Education, Life Lessons

Great Professional Development — and No, I Don’t Even Mean The Drinking Kind

Today I had a very exciting day of Professional Development.  — I’m not even being sarcastic.  I really had a great day in a PD workshop.  I’ll admit, part of that goodness is the fact that I had a “kid-free” day.  Now, I don’t mean to sound like I don’t like being with my kids.  That’s not the case at all.  But being with my kids every single day, good and bad, can be wearisome.  When I am running around like a crazy person, finishing plans, writing PEPs, entering grades, attending PLC meetings, grade level meetings, parent-teacher meetings, intervention meetings, IB meetings, and PD workshops – it is easy to get run down.  When I am getting up at the crack of freakin dawn to work over-12-hour days with literally no breaks (nope, not even lunch breaks), and then you throw in thirty adolescent girls and boys with language and ability challenges, motivational issues, family and home life crises, social dramas and mood swings, it is easy to forget what I like about teaching.  And that is a whole lot of effort to put in to something I’m not really caring for.  At that point, we’ve reached a real problem.

So, the point is, it is nice to have a day away–to recharge, to remember what I like about teaching, and to see someone else doing it.  Aside from the “recharge” value of the day off, it was really nice to hear from other teachers who are facing the same challenges I am.  It was a relief to know that it’s not just me, that I don’t just suck at teaching (seriously, that was a real concern).  It was also great to spend some time in someone else’s classroom, to see what other teachers are doing and how they are doing it.  The “Master Teacher” we observed to day was so impressive.
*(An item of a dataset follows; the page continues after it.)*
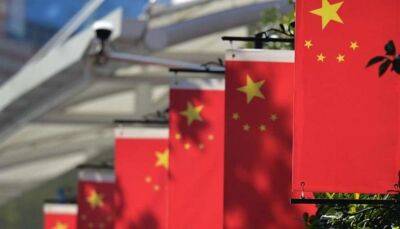 Китай «посадив Росію на голодний пайок» - ЗМІ - lenta.ua - Китай - Україна - місто Пекін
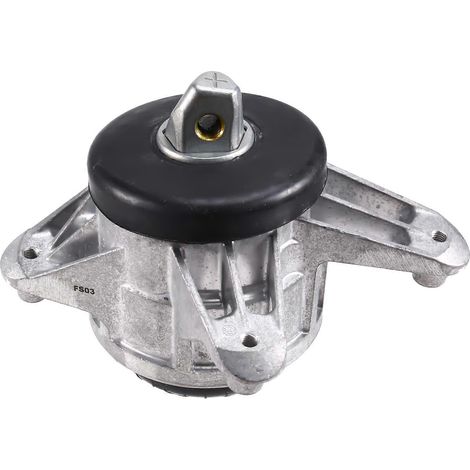 Coussinet de support moteur souple pour Mercedes-Benz W167 GLE350 GLE450 (2020-2025) - Support moteur A1672406600 R-SFYGV (1/5)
The way she interacted with students and the way students behaved in her classroom–it was so quiet and calm and orderly.  I dream of having a class like that!!! But like she said, they didn’t come to her that way.  She had to teach that behavior and it took time and practice.  Thus–there is hope for us all!


Something I found quite interesting: Several of the teachers at this workshop were from my own school.  They teach a different grade level, but their rooms are just down the hall from me.  I was shocked as I listened to them recount their experiences so far this year.  They said they felt “alone,” “abandoned,” were “drowning.”  They felt like the administration was not providing them support, was overly critical, was even disrespectful in the way they addressed the teachers.  Seriously, I was shocked as I listened.  I had been telling my family, my friends, etc. how lucky I felt to be in a school that was providing me so much support. Between my Assistant Principal, the Literacy Facilitator, and the few veteran teachers on my content PLCs, I always had someone to turn to–and someone who really knew what they were doing.  While I had once felt like those teachers at the workshop (just a few weeks ago), my experience has really turned around.  I mean, I’m not going to argue–my classes definitely need fine-tuning. A lot of it. That said, I am able to teach now, and I don’t leave work frustrated and tired with a headache and sore throat.  Having come so far as a result of the support I have received, it is crazy to me that someone just a few doors down is having such a different experience.  It definitely has made me appreciate what I have, and I’ll be sending several thank-you notes tomorrow!

Additionally, listening to these concerns many teachers are having with their administrators has been a big reminder that “honey attracts more flies than vinegar.” (Is that the correct saying? You know what I mean.)  Encouragement and praise are much better motivators than criticism–not just for kids but also for adults.  I know when I receive praise, I find myself working harder just to make sure I am deserving of it.  Criticism, on the other hand, can just break you down.  Considering the nightmare of my first student teaching experience, I of all people should remember that (by the time I finished student teaching, I had decided I never wanted to teach again–and this was not at all the result of the students I taught but rather the teacher I worked with).  Anyhoo, it was a good reminder, and all in all, a very worthwhile PD Day!